2.1 Positions (Open Interest)
Definition:
Total number of active, unsettled positions (contracts or units) at a given instant.
Nature:
A state variable — a snapshot in time.
Interpretation:
Represents existing exposure or commitments currently held in the market.
Increases when new positions open, decreases when positions close.
2.2 Order Book
Definition:
Set of active limit orders resting on the exchange — all visible bids and asks.
Nature:
A state variable reflecting current standing intentions to trade.
Interpretation:
Shows available liquidity at specific prices.
Unlike OI, orders here may or may not execute.
2.3 Shadow Order Book
Definition:
Liquidity that is not currently visible but could appear when certain conditions are met
(e.g., algorithmic triggers, threshold-based execution, time or volatility gating).
Nature:
A latent state — conditional intent to trade.
Observability:
Indirect. Cannot be measured directly, but reasonable bounds can often be inferred
from related information such as:
- Reaction speed and depth replenishment after large trades.
- Historical participation patterns at given price levels.
- Known algorithmic behavior or disclosed execution frameworks.
- Implied liquidity derived from volatility and slippage response.
Interpretation:
Represents dry powder — the portion of potential liquidity waiting for activation.
While subjective, it exists within bounded estimates (a plausible lower and upper limit),
making it analytically meaningful even if not precisely quantifiable.
3. Cross-Domain Flows
Flows can traverse:
- Asset boundaries: spot ↔ perpetual (basis or arbitrage flows).
- Category boundaries: latent → order book, order book → executed volume, volume → OI.
- Cross-market dynamics: hedging flows, funding-linked rotations, liquidity migration.

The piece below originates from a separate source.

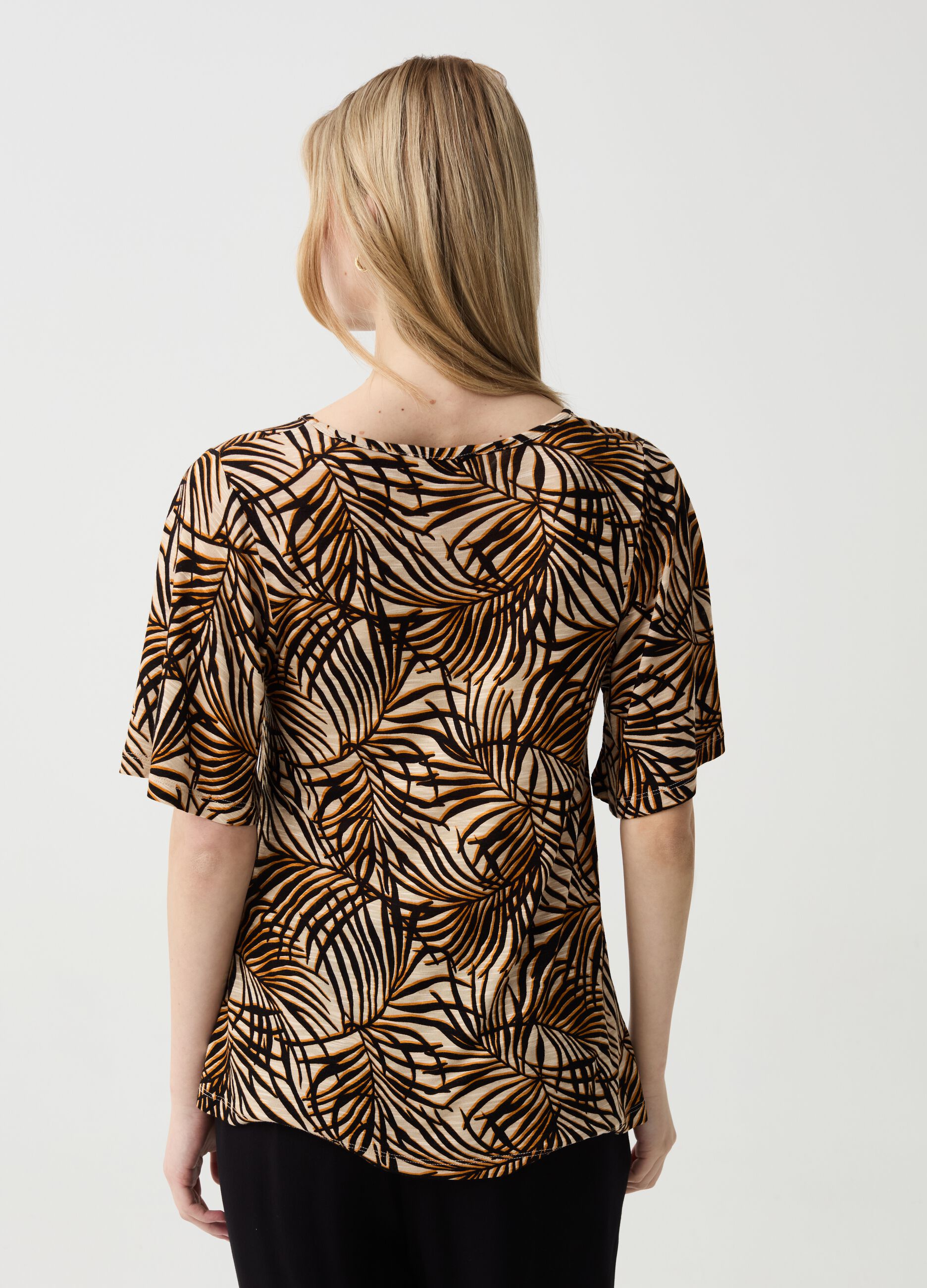 T-shirt with tropical foliage print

These transitions describe how potential becomes realized or how exposure shifts form.
4. Summary Table
| Category | Subcomponent | Nature | Observable | Crosses Markets | Represents |
|---|---|---|---|---|---|
| Realized | Volume | Flow | Yes | Yes | What traded |
| Potential | Positions (OI) | State | Yes | Sometimes | What exists |
| Order Book | State | Yes | Exchange-specific | What’s offered | |
| Shadow Order Book | Latent State | Indirect | Yes | What could appear |
5. Completeness of the Framework
Together, these components describe a bounded and complete system of market activity:
- Realized activity — what has already occurred (executed volume).
- Visible potential activity — what is currently offered or held (order book, open interest).

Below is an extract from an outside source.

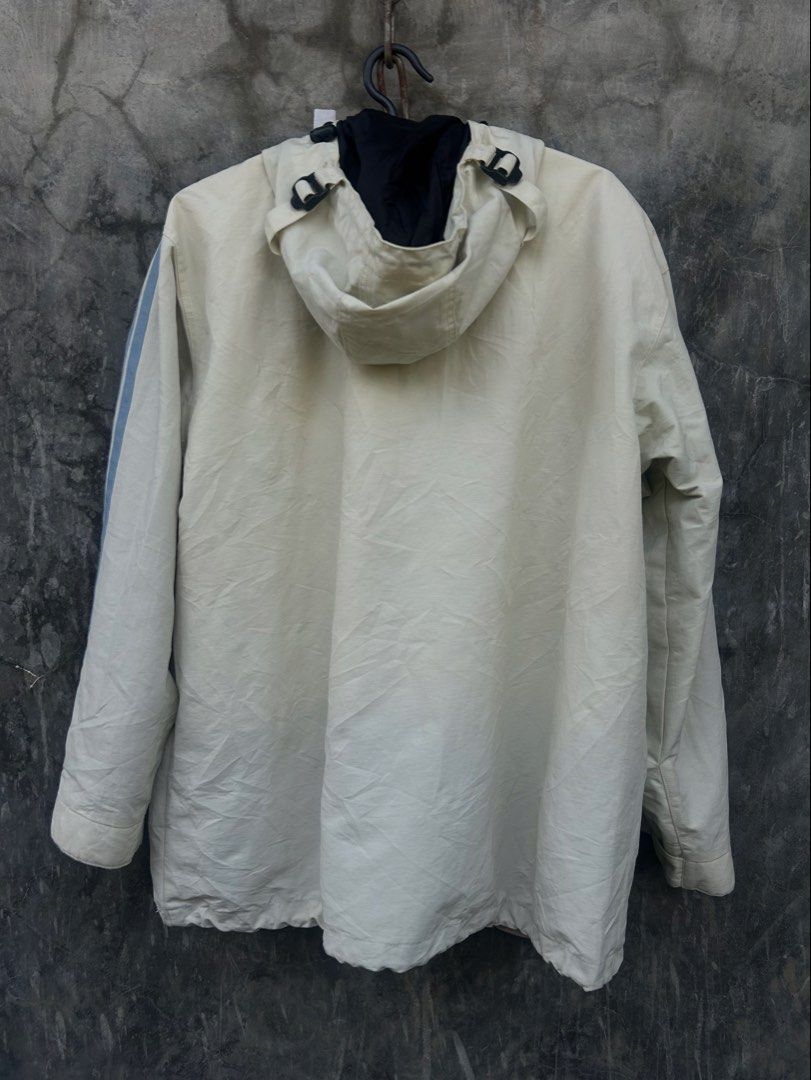 Vintage Quicksilver Windbreaker (Category: Coats, Jackets and Outerwear) located in Tuguegarao City. Submitted by 2giefinds (Listing ID 1468127971, Image 2). Description: Size: Medium on tag *best fit large Dimes: W:24 x L:29 Condition: Excellent Color Rate: 9.9/10 Issue: ❌.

- Inferred potential activity — what could emerge under certain conditions (shadow order book).
The first category is objective and directly measurable.
The second is transparent but conditional — visible at a given moment, yet subject to change.
The third is subjective but bounded — inferred through behavioral and structural evidence,
with reasonable lower and upper limits based on how markets historically respond.
Together, they form a mutually exclusive, collectively exhaustive map of trading behavior and potential.
Every form of liquidity, risk, or exposure in both spot and perpetual markets exists within this structure.